Every line from the one containing "第061话 借钱-第61话" to the one containing "ドラゴンボールダイバーズSEC★ SDV8-SEC2 ブロリー:BRパラレル" in the records below, both included, must be set down exactly, and no other line.

*** Opening of Information ***

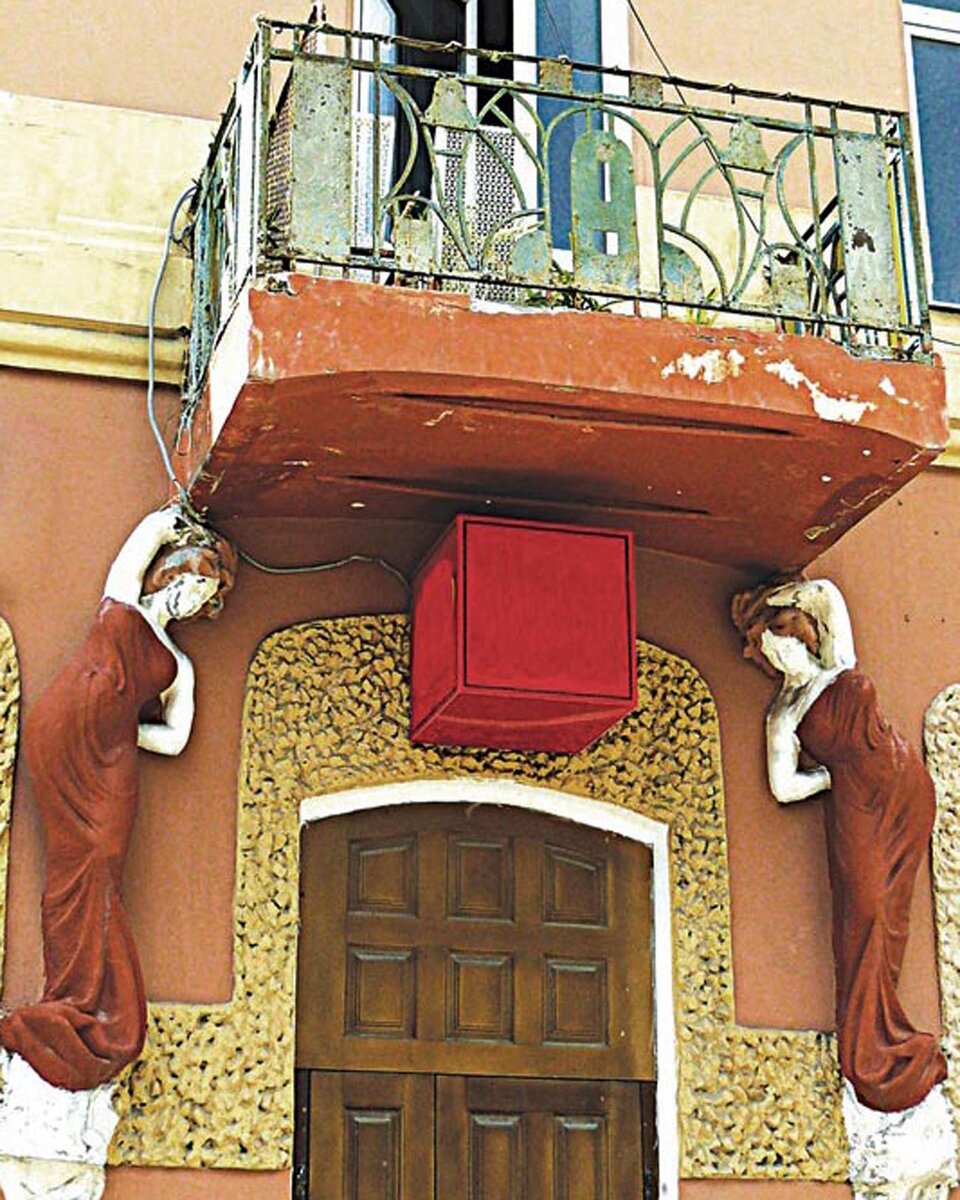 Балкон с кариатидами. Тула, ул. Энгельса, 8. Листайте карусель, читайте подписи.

*** Close of Information ***
*** Opening of Information ***

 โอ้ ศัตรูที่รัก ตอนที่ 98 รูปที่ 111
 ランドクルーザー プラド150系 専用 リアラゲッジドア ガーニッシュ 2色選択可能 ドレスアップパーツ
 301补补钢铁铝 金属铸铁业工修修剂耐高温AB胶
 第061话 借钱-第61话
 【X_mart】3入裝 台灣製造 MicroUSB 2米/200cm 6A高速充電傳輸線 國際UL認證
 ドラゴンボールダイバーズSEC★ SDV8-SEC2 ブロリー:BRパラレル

*** Close of Information ***

Exercise result ->
 第061话 借钱-第61话
 【X_mart】3入裝 台灣製造 MicroUSB 2米/200cm 6A高速充電傳輸線 國際UL認證
 ドラゴンボールダイバーズSEC★ SDV8-SEC2 ブロリー:BRパラレル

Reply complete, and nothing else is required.